In this case your setup needs a very specific configuration (depends also on some other pararmters). The fact that your gateway uses the same IP range like those public IPs provided to the nodes your router isn’t really routing…thats simple switching. A setup like this would require “bridging” of two different router ports with both using the same IP range. However this is possible but isn’t needed and also requires much more ressources (CPU and memory) on your router as well as specific routing and firewall roules. “routing” between similar nets is used when you want to build a “stealth firewall” (also called “Transparent Filtering Bridge”). I guess thats not what you want to do unless you are trying to intercept your nodes traffic and try to hack workloads delpoyed on your nodes with f. e. a man-in-the-middel-attack.

There is a very simple solution to avoid a setup like this but requires that you DC uplink is established by simple static IP (which is the case in most DCs and also here). If you have to use PPPoE or pptp/L2TP (like a consumer internet connection at most homes) this would not work. Let’s assume your WAN is established by static IP. In this case you just simply attach the WAN uplink provided by the DC to one of your switches and NOT to the WAN-side of your own router. The WAN-side of your router needs than to be attached to the switch too. By doing so your nodes will be able to connect directly to the DC gateway (in the same way your router is connecting its WAN-side to the gateway) without the public IP traffic beeing routed/bridged through your router (bypassing). With a network configured like this it is absoultly not important on which ports you connect which nic of your nodes. You can just randomly plug them anywhere. But (!) with one restriction: the DC uplink must use a static IP. Dynamic IP would also not work because you would then have two DHCP servers in the same physical network (the one from the DC and your own router).

Looks like this…

PS: If you are using any kind of LOM you should NOT connect those interaces to the switch where your WAN uplink is going to, because you would expose the LOM interfaces diretcly to the web.

Mik · January 19, 2023, 7:41pm

Amazing advice and wisdom here @Dany

Dany · January 20, 2023, 1:01pm

@teisie: would love to know if this works out for you.

Pretty sure @weynandkuijpers can check after you have reconfigured the setup

weynandkuijpers · January 23, 2023, 7:01am

I will, thank you @Dany for all the extended insights and help!

Dany · January 23, 2023, 11:34am

@teisie: in addition to yesterdays call here is the post on how to assign fixed public IPs on a 3node via Polkadot UI:

teisie · February 1, 2023, 8:09pm

Just went to the DC and this is the config:

So the public is completely separated of the private part.

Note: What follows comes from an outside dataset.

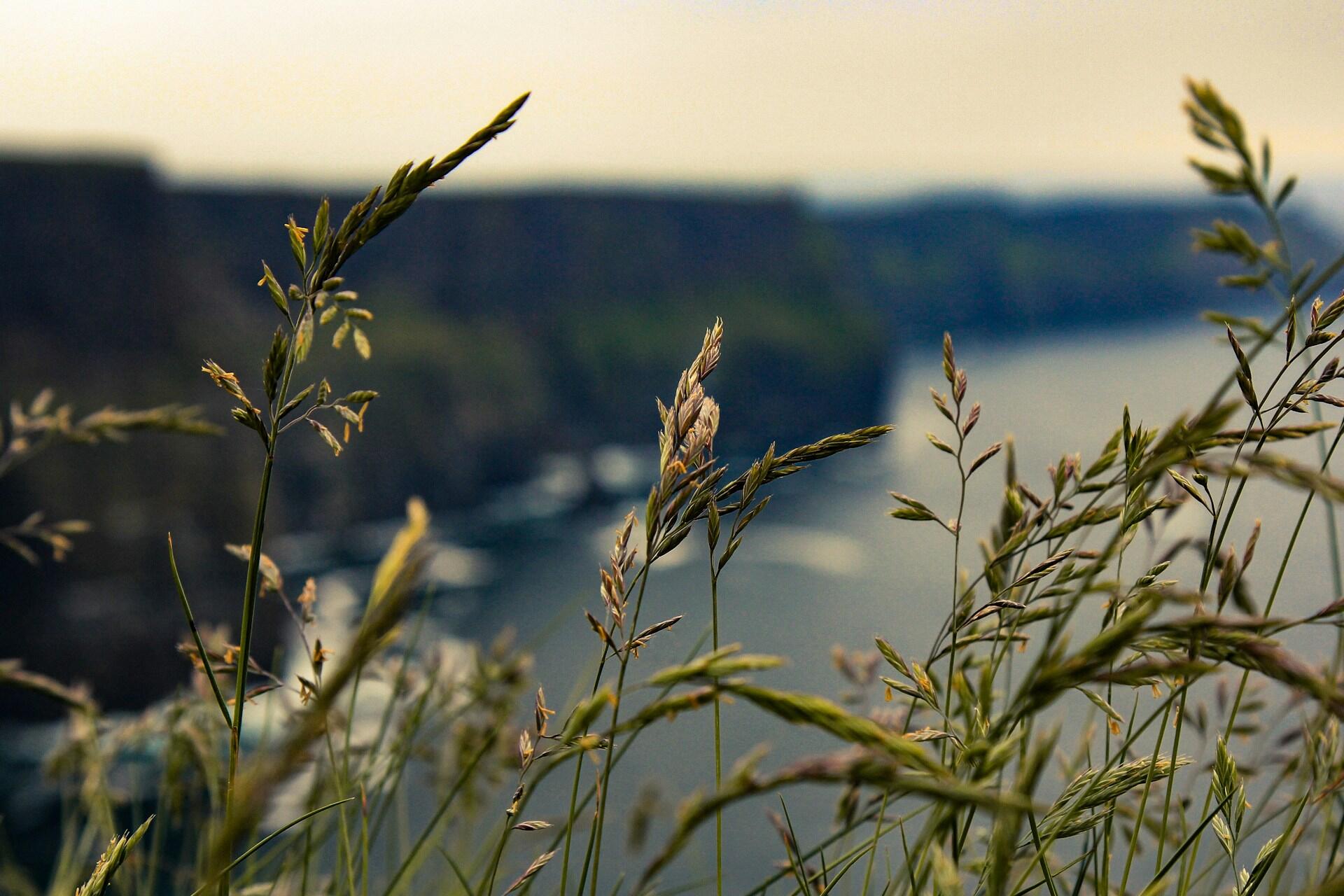 Grass at the Cliffs of Moher.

But unfortunately still not working

Dany · February 2, 2023, 8:42am

the setup definitly should work!! When the router is connected to the internet/gateway with static public IP settings on its wan-side, then every other host that is connected to the “switch 2” should be online too.

Are you sure that the IP block is routed correctly?

can you ping the wan side of your router from outside the DC? (the router needs to be configured to respond on wan side pings).

Dany · February 2, 2023, 9:23am

You need to talk to the DC guys…looks like there is something weird with the routing.

This is the result of a trace route to 87.251.36.1

and this is the result of a trace route to 87.251.36.7

as you can see… the request is hopping on different hosts in between. this is not normal for plain routing of a /24 net.

teisie · February 2, 2023, 6:08pm

The weird thing is i tried a server with a static public IP to test the IPs, and it was perfectly working. It just seems the public NIC doesn’t get a static. Can i check somewhere if a NIC got a static ip thru the deployment or anywhere?

Could it be my DC doesn’t automaticly allow SSH port 22?

Dany · February 2, 2023, 6:27pm

That’s impossible. Apart from… the public IP on the 3node should at least respond to pings.